Seluruh bagian tanaman dapat dijadikan obat, tapi yang sering dajadikan terapi adalah bijinya.

8. Kumis Kucing
Mengandung saponin, sapofonin, minyak lemak, minyak asiri, orthosiphon glikosida, zat samak, dan garam kalium. Memiliki rasa asin dan sedikit pahit dan sejuk, bersifat peluruh kencing, antiradang, penghancur batu kencing.

Semua tanaman herba ini dapat dijadikan obat, terutama daunnya.

9. Lidah Buaya (aloe vera)
Lidah buaya mengandung aloin, barbolin, isobarbolin, aleonin, dan aleosin. Rasanya pahit dan bersifat dingin. Berkhasiat sebagai antiradang, pencahar, parasitiside, dan memperbaiki pankreas.

Bagian yang digunakan adalah daun, bunga, dan akar.

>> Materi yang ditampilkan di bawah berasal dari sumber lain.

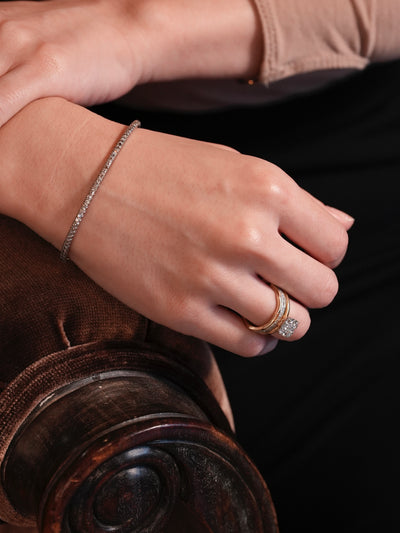 デイリーに纏うlace collection -Styling with bangles & chains-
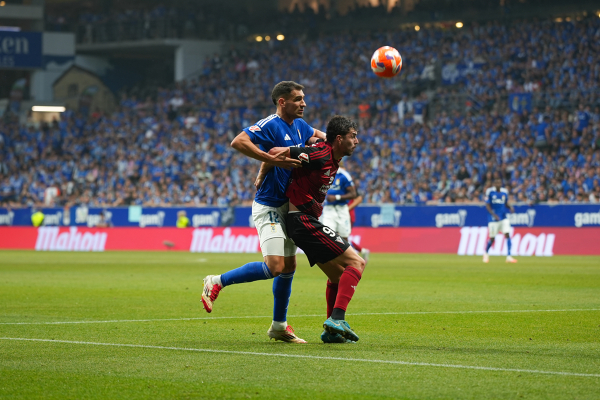 Dani Calvo disputando la posesión — Real Oviedo — Real Oviedo, CD Mirandés, Liga Hypermotion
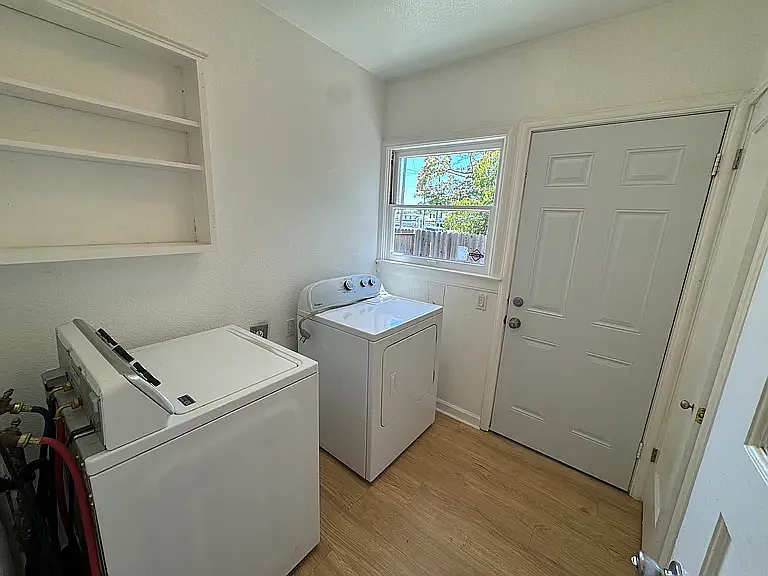 337 E Weldon Ave — Photo 24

10. Pare (momordica carantia L)
Mengandung karantin, hydroxytryptamine, vitamin A,B, dan C, dan juga momordisin. Rasanya pahit, bersifat dingin. Berkhasiat antiradang, menurunkan kadar glukosa darah, obat batuk, obat radang tenggorokan, rematik, dan sariawan.

Hampir semua bagian tanaman dapat dijadikan obat terutama buahnya.

11. Mengkudu (Morinda citrifolia L)
Mengandung soranjidiol, morindon, aligarin,-d-methylether, dan morindin. Buahnya mengandung alkaloid triterpenoid, daunnya mengandung askorbin, zat besi, karoten, dan zat kapur. Bunganya mengandung glikosida antrakinon. Berkhasiat penambah kekuatan tulang, penghilang hawa lembap, peluruh kencing, pembersih darah, obat batuk, antiseptik, obat cacing, dan pencahar.

Bagian yang digunakan akar, buah, daun kulit batang dan bunga.

12. Sambung Nyawa (gynura procumbens Back)
Sambung nyawa mengandung alkaloid, flavonoid, saponin, dan tanin. Bersifat netral dan dingin, berkhasiat antineoplastik dan juga menurunkan tekanan darah.

Bagian yang digunakan adalah daunnya yang masih segar.

13. Pegagan (centella asiatica L)
Mengandung asiaticoside, thankunside, isothankunside, madecassoide, brahmoside, brahmi acid, garam, madasiatic acid, pektin, gula dan vitamin B. Bersifat manis dan sejuk, berkhasiat antiinfeksi, antiracun, penurun panas, antilepra, peluruh kencing, dan antisifilis.

Seluruh bagian tanaman dapat dijadikan obat.

14. Daun Dewa (gynura segetum L)
Daun dewa mengandung minyak asiri, saponin, flavonoid, dan tanin. Bersifat netral, berkhasiat mencairkan darah beku, menstimulasi sirkulasi tubuh, menghentikan perdarahan, membersihkan racun, penurun panas,

Seluruh bagian tanaman dapat dijadikan obat terutama daunnya.

15. Daun Sembung ((blumea balsamifera I)
Mengandung minyak atsiri,  kamfer, tanin, flavonoid serta sineol dan borneol. Bermanfaat untuk mengobati rematik, masuk angin, diare,  ekspektoran dan antipiretik.

Seluruh bagian tanaman dapat dijadikan obat.